AD: I didn’t do it. “I’m not doing it, Mike (McNamara),” I said. (Imitating McNamara) “I’m surprised in you, you’re the fucking captain.” I told (Ollie) Baker not to do it as well — we were throwing a rugby ball to each other. Playing again the following week in Thurles, if you watch it again Stephen Byrne was man of the match in goal. (Brian) Quinno deserved a move off Joe Dooley; I’d have gladly gone back on Joe Dooley the third day at corner-back. I’d no fear of marking Joe Dooley; the fellas I was afraid of were the ones faster than me and Joe wouldn’t be faster than me. Quinno wasn’t flying, he wasn’t having a good game. He could have played at wing-back as handy or swapped with Frank (Lohan).

LD: He had sunstroke during the week.

AD: He was sick and said nothing. We didn’t play bad the third day and I still think we would have won if we had got out of Dublin, put the mockers on Offaly a bit. They knew on the Monday that they had a replay; they shouldn’t have known that until the Wednesday. This is all with the benefit of having 20 years to think about it.

LD: We probably could have even stuck it out an extra week.

AD: It seemed to me the rematch was arranged 12 hours afterwards. We could have gone to Lahinch for a swim, a meeting between ourselves. Loughnane wouldn’t give us much say in what we were doing but it would have been better. We would have turned the tables on Offaly. Like, it wasn’t our fault.

LD: Byrne made five saves.

AD: Danny Scanlan’s chance? Jaysus.

SM: Alan (Markham) had a couple of shots.

AD: We done enough to win the third game and it would have been sweet to win it that way. Nobody would have gotten more pleasure out of it than us that way. The real hard road.

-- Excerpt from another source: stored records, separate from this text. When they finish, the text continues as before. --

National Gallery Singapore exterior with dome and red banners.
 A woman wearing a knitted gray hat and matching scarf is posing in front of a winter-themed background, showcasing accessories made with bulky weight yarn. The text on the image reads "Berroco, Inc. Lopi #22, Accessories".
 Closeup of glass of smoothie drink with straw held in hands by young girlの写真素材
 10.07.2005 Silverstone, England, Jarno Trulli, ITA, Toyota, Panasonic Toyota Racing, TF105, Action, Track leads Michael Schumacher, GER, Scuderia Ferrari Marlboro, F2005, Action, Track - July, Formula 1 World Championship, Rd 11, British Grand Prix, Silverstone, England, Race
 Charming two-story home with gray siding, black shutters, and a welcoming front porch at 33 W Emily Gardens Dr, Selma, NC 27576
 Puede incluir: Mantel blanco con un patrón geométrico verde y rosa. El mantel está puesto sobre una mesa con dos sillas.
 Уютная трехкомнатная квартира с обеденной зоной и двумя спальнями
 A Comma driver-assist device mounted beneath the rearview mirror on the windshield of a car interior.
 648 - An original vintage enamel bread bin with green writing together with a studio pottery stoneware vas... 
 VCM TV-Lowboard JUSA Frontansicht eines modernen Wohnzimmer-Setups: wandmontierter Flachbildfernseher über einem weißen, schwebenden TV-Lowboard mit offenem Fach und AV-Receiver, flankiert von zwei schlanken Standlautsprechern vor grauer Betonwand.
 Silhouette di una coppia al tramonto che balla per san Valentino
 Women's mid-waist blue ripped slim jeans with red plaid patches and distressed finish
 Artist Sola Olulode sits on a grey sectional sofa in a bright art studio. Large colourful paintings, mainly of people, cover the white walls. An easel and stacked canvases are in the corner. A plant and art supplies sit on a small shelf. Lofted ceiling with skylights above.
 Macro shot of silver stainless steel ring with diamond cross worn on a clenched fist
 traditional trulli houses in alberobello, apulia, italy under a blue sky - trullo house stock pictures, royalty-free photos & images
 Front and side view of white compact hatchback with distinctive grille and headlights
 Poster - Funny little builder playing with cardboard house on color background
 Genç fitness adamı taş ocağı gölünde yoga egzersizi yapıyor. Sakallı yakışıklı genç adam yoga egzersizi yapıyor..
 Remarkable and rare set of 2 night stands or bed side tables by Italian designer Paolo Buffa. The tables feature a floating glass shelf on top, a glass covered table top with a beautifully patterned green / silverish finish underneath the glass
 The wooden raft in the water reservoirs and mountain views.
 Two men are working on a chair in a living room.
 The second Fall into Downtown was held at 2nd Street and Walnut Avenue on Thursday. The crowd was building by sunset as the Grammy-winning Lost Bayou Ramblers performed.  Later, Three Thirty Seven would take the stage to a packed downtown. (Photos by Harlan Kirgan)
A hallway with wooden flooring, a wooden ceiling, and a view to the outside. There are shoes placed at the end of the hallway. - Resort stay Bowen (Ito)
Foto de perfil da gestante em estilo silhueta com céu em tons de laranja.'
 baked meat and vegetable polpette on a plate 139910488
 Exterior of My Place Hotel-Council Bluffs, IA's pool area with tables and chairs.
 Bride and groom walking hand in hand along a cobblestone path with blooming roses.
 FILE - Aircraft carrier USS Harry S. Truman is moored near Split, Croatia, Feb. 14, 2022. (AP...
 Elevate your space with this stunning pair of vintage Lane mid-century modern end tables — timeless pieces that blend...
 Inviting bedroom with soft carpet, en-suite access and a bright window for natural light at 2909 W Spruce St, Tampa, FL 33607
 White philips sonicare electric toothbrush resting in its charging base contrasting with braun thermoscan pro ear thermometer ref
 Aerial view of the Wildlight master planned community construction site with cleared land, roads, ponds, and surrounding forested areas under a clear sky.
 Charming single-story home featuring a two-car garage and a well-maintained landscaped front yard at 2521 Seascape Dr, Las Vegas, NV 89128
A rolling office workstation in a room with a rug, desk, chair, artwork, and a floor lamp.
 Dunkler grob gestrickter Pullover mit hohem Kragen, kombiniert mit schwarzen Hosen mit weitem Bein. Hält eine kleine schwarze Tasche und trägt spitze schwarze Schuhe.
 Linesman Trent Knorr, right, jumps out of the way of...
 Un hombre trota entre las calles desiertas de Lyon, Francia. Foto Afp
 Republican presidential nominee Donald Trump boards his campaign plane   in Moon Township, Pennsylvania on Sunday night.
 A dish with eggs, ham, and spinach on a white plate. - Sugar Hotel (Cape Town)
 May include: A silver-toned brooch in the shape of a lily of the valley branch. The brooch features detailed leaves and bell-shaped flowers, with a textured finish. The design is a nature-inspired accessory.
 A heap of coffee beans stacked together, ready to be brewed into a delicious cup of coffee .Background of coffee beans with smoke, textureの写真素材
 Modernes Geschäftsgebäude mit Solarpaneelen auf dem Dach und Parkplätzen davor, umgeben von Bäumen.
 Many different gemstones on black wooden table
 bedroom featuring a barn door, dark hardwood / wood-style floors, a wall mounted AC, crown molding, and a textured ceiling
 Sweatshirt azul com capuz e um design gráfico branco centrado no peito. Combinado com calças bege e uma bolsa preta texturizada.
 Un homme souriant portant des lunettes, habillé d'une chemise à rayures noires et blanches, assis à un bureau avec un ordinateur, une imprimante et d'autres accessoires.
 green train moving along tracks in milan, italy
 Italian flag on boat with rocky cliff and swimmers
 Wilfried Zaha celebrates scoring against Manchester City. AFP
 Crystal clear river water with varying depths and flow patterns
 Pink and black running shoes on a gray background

JF: Did the board have your backs throughout the season?

AD: There was no board — there was Loughnane and that was it!

LD: We didn’t really take any notice. We were only thinking about the games and Ger was calling the shots. He probably consulted with Dalo but that was it.

AD: I remember when he came into the bar to tell us to go to bed and I told him that we’d play them again and we’ll beat them. Because I didn’t want winning an All-Ireland and people saying, “Ah, you didn’t really win that one”. We had a general feeling that way but what I said then was a rush of blood to the head. We should have bought a bit of time.

JF: The legacy of ’98 — when did you reconcile with it?

LD: I was at the All-Ireland final and I was saying to myself that we should be out there but we got back into the club championship. We were then back to the gym sessions with Clare where we might have been signing into the gym but going to the swimming pool instead. 1999 was a new beginning.

Obviously, you still think about it but at the time we had to move on.

SM: It finished very disappointingly but I wasn’t harping on about it the following January and February. There are games you win you should really lose and there are games you lose you shouldn’t lose and they balance out.

I would definitely put it down as an All-Ireland we should have won but then we could have lost in ’95 and ’97. We wouldn’t have deserved to (lose) but could’ve. You just get on with it and that’s not being ignorant about it.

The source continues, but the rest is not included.